── Given records ──

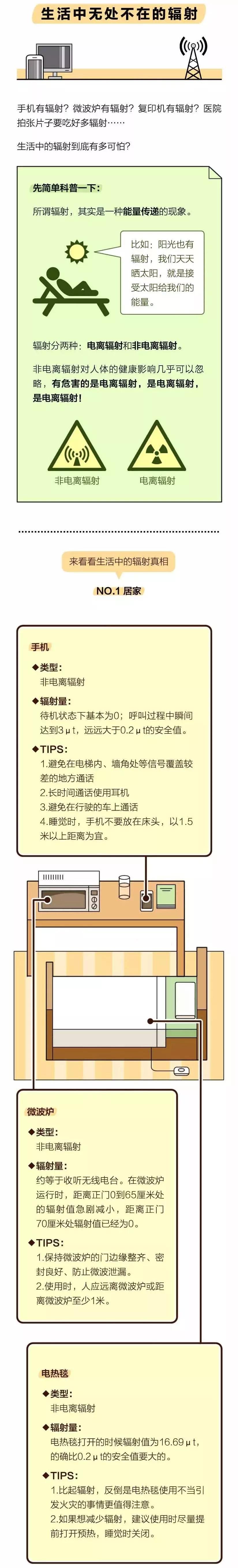 核辐射超标会流鼻血吗,核辐射致癌的药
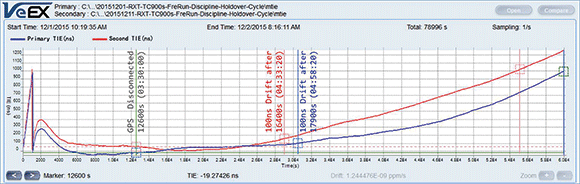 Figure 5. The same test set used in different climatic conditions.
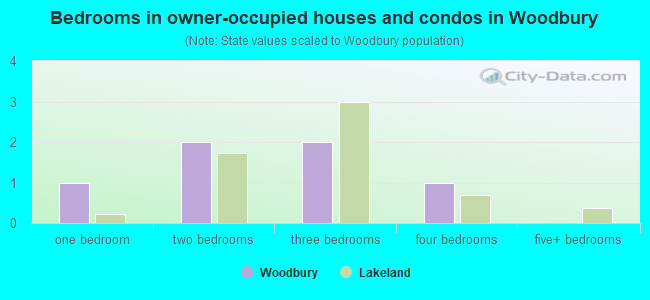Bedrooms in owner-occupied houses and condos in Woodbury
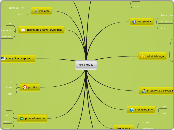 STRONA - Mind Map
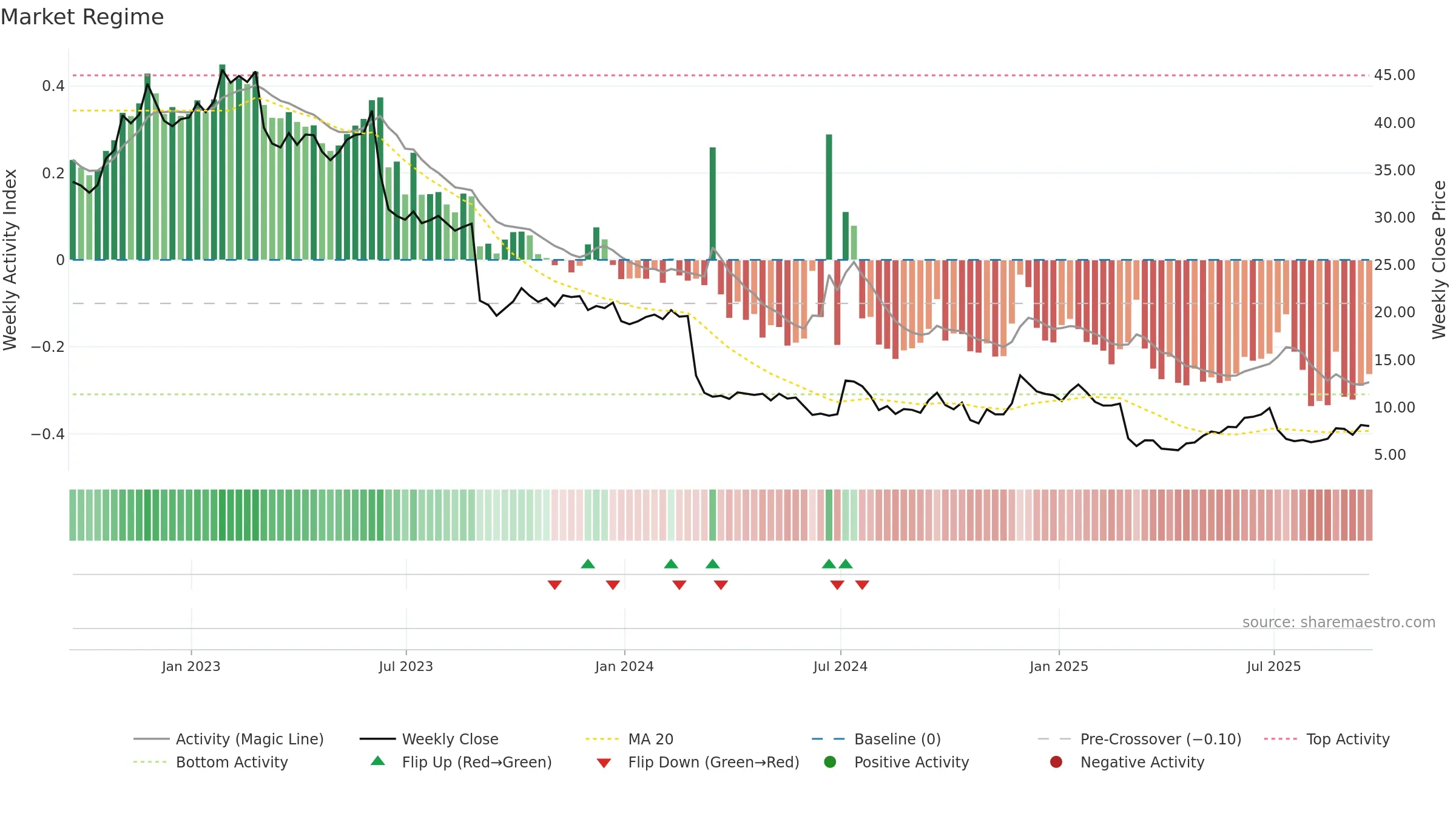 MEI weekly Market Snapshot chart, closing 2025-09-19.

───

◆ Exercise: Would you please write out the entries in full, exactly as they read, but without pictures?

◆ Reply:
 核辐射超标会流鼻血吗,核辐射致癌的药
 Figure 5. The same test set used in different climatic conditions.
Bedrooms in owner-occupied houses and condos in Woodbury
 STRONA - Mind Map
 MEI weekly Market Snapshot chart, closing 2025-09-19.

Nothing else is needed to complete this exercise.